### Items from a data source
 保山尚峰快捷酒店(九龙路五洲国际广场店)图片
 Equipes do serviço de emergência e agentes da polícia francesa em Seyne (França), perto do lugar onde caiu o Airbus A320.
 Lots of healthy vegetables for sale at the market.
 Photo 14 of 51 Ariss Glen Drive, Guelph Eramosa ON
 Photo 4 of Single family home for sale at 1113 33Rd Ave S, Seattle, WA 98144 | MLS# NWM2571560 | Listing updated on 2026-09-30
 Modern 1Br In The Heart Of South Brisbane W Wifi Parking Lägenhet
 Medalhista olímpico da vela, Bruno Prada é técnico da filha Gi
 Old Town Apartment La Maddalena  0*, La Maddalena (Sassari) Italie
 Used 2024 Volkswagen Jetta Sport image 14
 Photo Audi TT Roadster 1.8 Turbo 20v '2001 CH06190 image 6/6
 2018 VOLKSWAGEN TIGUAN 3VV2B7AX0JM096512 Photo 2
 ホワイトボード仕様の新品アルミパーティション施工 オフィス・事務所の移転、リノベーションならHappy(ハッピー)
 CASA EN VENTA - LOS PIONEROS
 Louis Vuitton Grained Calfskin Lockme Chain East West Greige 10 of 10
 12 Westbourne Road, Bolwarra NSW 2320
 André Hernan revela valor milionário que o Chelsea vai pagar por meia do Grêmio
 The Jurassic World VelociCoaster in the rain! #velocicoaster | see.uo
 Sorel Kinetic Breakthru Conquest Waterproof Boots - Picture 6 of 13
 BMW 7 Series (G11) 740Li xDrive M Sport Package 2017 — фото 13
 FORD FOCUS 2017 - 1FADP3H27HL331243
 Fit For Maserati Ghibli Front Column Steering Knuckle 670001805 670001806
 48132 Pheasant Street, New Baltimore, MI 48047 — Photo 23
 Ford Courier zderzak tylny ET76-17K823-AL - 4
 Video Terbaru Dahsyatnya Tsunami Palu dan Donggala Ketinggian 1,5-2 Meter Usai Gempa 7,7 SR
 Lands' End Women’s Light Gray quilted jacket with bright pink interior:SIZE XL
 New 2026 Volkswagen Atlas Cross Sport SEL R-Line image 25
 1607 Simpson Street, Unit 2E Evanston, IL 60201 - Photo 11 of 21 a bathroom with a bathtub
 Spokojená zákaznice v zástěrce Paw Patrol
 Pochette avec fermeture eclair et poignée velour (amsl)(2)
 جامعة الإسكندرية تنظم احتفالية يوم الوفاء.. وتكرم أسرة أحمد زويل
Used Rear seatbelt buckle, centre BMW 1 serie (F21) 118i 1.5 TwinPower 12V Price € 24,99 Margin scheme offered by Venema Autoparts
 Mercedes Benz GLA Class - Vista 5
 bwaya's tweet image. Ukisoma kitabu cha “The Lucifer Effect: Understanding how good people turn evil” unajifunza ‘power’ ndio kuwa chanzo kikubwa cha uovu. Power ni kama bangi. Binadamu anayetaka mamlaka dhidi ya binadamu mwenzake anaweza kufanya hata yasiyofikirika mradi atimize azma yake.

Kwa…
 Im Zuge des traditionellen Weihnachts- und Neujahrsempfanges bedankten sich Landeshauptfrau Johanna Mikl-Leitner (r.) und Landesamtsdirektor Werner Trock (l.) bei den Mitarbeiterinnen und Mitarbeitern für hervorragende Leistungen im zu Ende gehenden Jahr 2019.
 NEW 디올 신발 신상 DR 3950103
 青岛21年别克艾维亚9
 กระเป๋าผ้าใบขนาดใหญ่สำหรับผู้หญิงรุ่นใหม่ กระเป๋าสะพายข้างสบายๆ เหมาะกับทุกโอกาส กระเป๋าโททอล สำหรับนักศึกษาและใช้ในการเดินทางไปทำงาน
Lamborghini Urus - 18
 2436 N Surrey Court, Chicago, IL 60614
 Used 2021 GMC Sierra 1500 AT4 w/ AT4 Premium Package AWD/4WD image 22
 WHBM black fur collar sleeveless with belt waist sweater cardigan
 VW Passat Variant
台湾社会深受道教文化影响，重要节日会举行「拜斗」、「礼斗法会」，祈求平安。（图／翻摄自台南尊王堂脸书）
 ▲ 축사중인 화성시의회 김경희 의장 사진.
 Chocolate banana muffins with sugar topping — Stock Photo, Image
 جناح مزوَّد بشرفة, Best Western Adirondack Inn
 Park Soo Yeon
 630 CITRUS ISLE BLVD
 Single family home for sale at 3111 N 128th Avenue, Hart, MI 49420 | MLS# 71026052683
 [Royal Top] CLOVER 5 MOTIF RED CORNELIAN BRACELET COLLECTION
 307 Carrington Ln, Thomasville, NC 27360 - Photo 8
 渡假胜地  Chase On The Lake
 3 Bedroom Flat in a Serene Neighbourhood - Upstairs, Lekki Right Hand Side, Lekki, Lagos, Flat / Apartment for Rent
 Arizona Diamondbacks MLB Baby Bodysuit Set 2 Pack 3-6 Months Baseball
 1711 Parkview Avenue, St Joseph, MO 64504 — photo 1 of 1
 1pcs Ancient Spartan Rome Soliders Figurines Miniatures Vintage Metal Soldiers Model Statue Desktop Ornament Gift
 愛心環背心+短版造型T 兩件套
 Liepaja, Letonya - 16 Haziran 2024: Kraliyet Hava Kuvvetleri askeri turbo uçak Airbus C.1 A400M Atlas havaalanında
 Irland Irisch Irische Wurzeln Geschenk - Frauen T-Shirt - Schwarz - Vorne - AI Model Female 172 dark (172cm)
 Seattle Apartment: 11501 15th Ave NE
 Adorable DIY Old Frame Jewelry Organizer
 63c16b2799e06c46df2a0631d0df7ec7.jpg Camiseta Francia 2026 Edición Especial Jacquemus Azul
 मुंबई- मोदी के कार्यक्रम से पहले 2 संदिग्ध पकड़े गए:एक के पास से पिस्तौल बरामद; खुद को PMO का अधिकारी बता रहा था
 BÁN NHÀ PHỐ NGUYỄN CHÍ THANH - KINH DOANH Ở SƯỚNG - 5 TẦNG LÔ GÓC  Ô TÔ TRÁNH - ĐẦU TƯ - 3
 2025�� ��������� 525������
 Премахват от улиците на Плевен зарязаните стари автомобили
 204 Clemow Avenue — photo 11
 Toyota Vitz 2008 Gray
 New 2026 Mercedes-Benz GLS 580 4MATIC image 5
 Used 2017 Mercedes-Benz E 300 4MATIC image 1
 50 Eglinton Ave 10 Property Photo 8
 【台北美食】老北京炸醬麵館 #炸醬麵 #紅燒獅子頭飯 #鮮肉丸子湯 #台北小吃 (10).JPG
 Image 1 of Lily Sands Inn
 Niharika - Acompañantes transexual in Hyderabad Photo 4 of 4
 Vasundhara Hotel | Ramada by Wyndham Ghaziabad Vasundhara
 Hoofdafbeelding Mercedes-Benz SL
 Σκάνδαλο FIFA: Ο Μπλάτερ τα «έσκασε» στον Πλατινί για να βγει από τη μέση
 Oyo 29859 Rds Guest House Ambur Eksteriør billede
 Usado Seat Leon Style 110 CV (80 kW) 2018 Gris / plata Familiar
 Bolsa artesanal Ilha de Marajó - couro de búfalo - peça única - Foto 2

### YOUR OBJECTIVE
A complete answer lists each line of the data that holds the word "family".

### WRITTEN REPLY
 Photo 4 of Single family home for sale at 1113 33Rd Ave S, Seattle, WA 98144 | MLS# NWM2571560 | Listing updated on 2026-09-30
 Single family home for sale at 3111 N 128th Avenue, Hart, MI 49420 | MLS# 71026052683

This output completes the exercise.